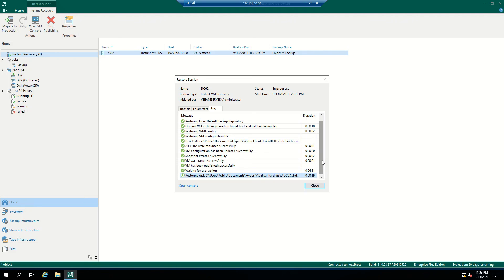So, instant VM recovery allows you to run the virtual machine from the backup file. Once the virtual machine is up and running, you migrate it to production, at which point the virtual machine will be fully restored from the backup file to the production environment. Thank you — hope you liked it, and we'll see you in the next session.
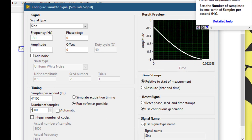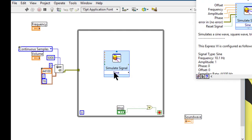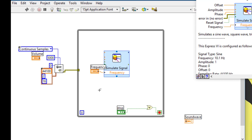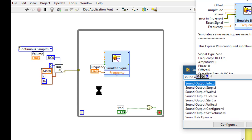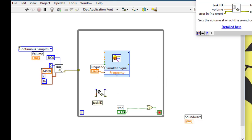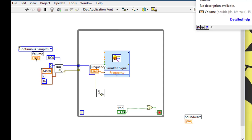And I guess this is all we need to do. Next we will let the user specify the frequency while the code is running. We will also use another sound VI which is called Sound Output Set Volume, so that we can set the volume of this task. We will set the volume to this level and connect the error wires.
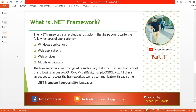The fourth topic is: what is the .NET framework? The .NET framework is a revolutionary platform that helps you write several types of applications like Windows applications, web applications, web services, and mobile applications. It is designed to be used with languages like C#, C++, Visual Basic, JavaScript, COBOL, and more, and all these languages can access the framework and communicate with each other.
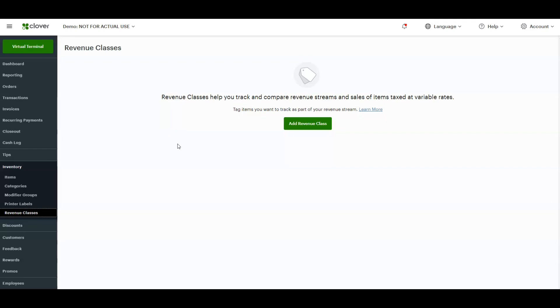I'm going to show you how to set that up now. We click on revenue classes on the left side, and then we click on add revenue class. The first thing it's going to prompt us to do is put in the revenue class name.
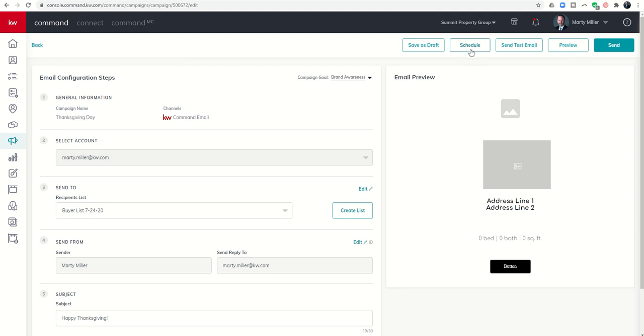That's it for today, day 54 of the 66-day challenge 4.0 KW Command. Hope everyone's having a fantastic week. And as always, I'll look forward to speaking with you in the future.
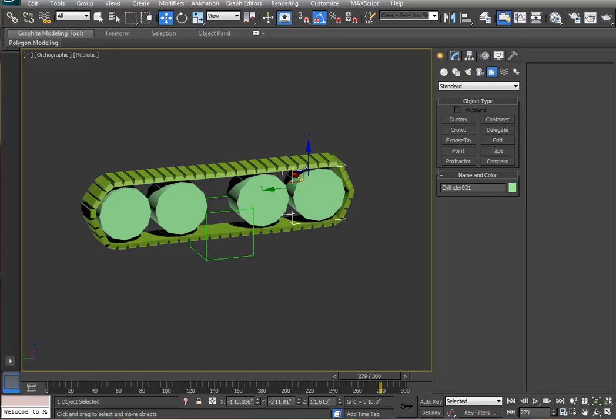Hello, this is a tutorial on creating tank treads. This will be making an array and stringing it along a path.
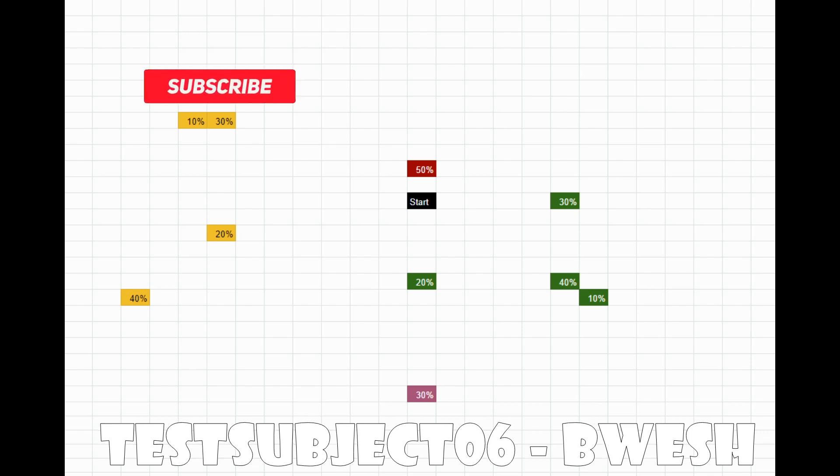Thanks to Test Subject 06 and Buesch for showing us that there's actually four different passives that you can pick up on the new Mad Forest update.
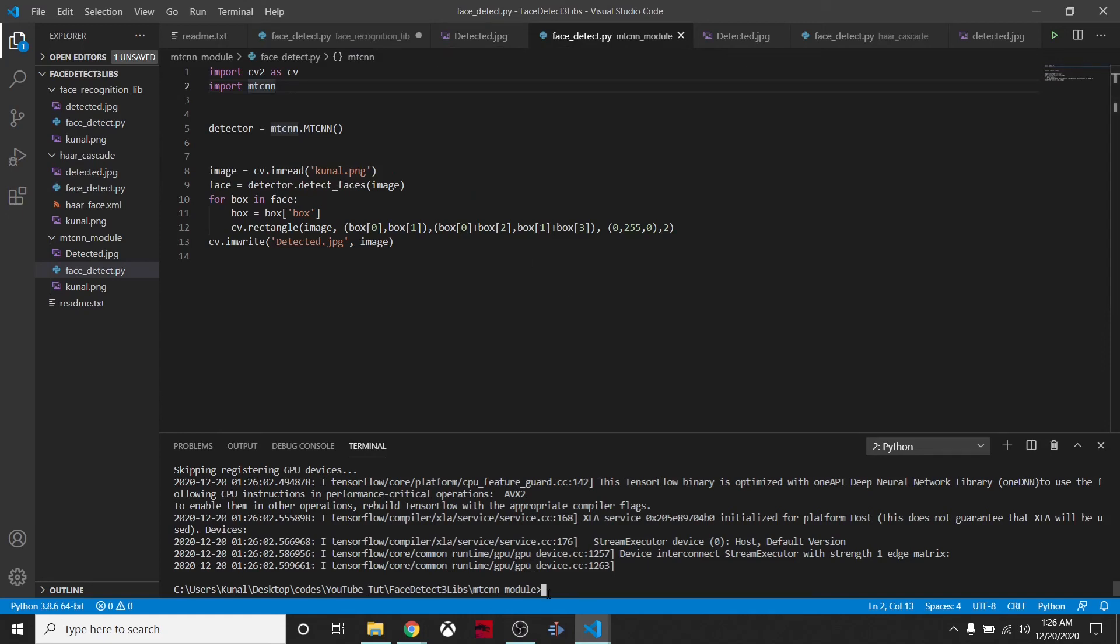These face detection libraries are actually helpful. Like I was creating a mask detector. If I have some data, I just want to pass the face to the neural network and then do some classification on it. That's why these kinds of libraries are helpful.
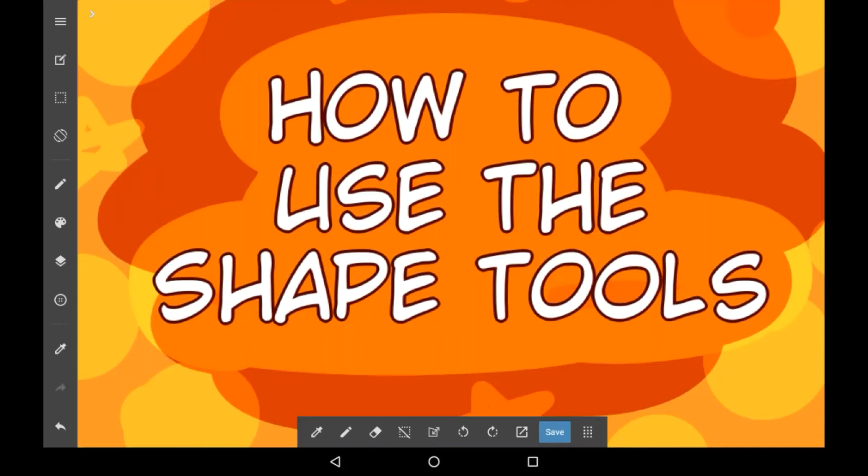Hey everybody, welcome back to my channel, or welcome if you are new here. Today's video is about Medibang and I'm going to show you how to use the three shape tools in Medibang Paint.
■ ■ ■ ■ ■
_What you will do_. The needed output is the lines from the one with "Hello, this is" through the end of the listing, written out exactly, both ends included, pictures excluded.

_Task output_.
Hello, this is a tutorial on creating tank treads. This will be making an array and stringing it along a path.
Thanks to Test Subject 06 and Buesch for showing us that there's actually four different passives that you can pick up on the new Mad Forest update.
These face detection libraries are actually helpful. Like I was creating a mask detector. If I have some data, I just want to pass the face to the neural network and then do some classification on it. That's why these kinds of libraries are helpful.
Hey everybody, welcome back to my channel, or welcome if you are new here. Today's video is about Medibang and I'm going to show you how to use the three shape tools in Medibang Paint.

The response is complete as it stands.